En la escena internacional están pasando cosas que podrían llegar a parecerse a otras, como a Balzac el monolito que Rodin esculpió. Aunque con menos arte, por razones mucho más prosaicas, y con consecuencias potenciales que van mucho más allá de lo simbólico.
La doctrina Breznev, formulada en 1968 al fragor de la Primavera de Praga, impuso a los Estados de Europa oriental sometidos a la férula del comunismo una suerte de “soberanía limitada”, conforme a la cual la Unión Soviética reivindicaba el derecho a intervenir en ellos para defender el socialismo en cada país y el movimiento socialista en general. ¿Se acabará pareciendo a ella la doctrina Putin, aún innominada pero varias veces insinuada, sirviendo de autojustificación -histórica, estratégica, incluso cultural- y patente de corso para la creciente injerencia de Rusia en el espacio postsoviético -al que nunca ha renunciado- y allende sus fronteras?

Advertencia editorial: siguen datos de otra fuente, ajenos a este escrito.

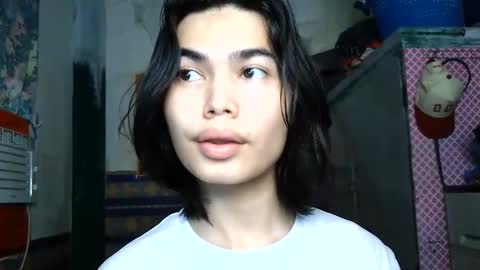 Snapshot of asian_babyboi chatting on June 10, 10:58 am asian_babyboi online show from June 10, 10:58 am
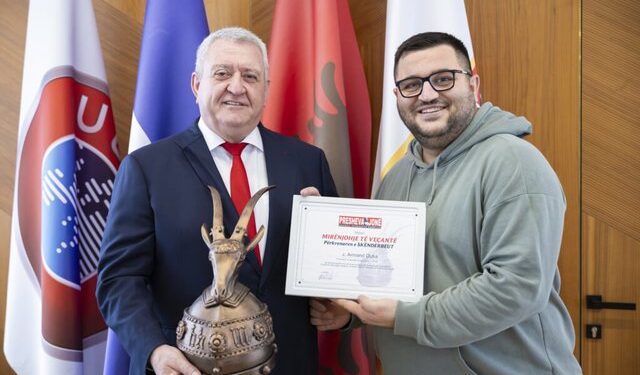 Armand Duka nderohet me mirënjohjen “Përkrenarja e Skënderbeut” nga agjencia “Presheva Jonë”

¿Se acabará pareciendo el diálogo entre Estados Unidos y Rusia de 2022 (que, de hecho, se empezará a poner en escena justamente mañana en Ginebra) a la conferencia de Yalta de 1945, en la que el destino y el mapa de Europa fueron definidos y trazados prácticamente en su ausencia, como habían hecho los europeos -justicia poética o, por lo menos, histórica- con el destino y el mapa de los africanos en Berlín, sesenta años atrás?
¿Se acabarán pareciendo las fuerzas de “mantenimiento de paz” desplegadas por Moscú en Kazajistán, al amparo del Tratado de Seguridad Colectiva, tras haberlo requerido el presidente Tokayev -no para repeler una agresión externa, sino para someter a fuego la masiva protesta de sus conciudadanos-, a los caballos de Troya en que suelen convertirse las tropas extranjeras cuyo auxilio invocan en tiempos de dificultad algunos líderes desesperados, a despecho de la suerte de su pueblo y de sí mismos?
¿Se acabará pareciendo tanto el presente al pasado, como para que no valga la pena imaginar el futuro? La pregunta no es vanamente retórica. Es, por el contrario, esencialmente geopolítica. Y de la respuesta que se dé a ella depende no sólo el futuro. También, en muchos sentidos, el pasado.